(Dataset excerpts)
***

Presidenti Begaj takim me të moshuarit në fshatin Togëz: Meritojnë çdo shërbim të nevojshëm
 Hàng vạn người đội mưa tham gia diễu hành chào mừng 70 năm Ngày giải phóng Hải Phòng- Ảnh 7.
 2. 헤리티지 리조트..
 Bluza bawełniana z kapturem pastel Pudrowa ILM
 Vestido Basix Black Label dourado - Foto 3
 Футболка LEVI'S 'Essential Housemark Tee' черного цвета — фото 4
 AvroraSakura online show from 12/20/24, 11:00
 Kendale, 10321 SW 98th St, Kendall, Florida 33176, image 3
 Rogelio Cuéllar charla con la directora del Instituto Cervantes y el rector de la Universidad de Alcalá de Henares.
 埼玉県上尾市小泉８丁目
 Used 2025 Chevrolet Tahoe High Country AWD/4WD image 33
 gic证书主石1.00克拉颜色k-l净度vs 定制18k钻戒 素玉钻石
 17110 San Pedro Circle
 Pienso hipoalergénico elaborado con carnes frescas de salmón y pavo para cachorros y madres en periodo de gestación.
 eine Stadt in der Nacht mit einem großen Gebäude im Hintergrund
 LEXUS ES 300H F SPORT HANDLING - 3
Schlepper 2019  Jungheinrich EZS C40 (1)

***

▸ Your goal
What is needed is a verbatim copy of every line in the records above from the one containing "Bluza bawełniana z" down to the one containing "Kendale, 10321 SW", both included, and nothing more.

▸ Task output
 Bluza bawełniana z kapturem pastel Pudrowa ILM
 Vestido Basix Black Label dourado - Foto 3
 Футболка LEVI'S 'Essential Housemark Tee' черного цвета — фото 4
 AvroraSakura online show from 12/20/24, 11:00
 Kendale, 10321 SW 98th St, Kendall, Florida 33176, image 3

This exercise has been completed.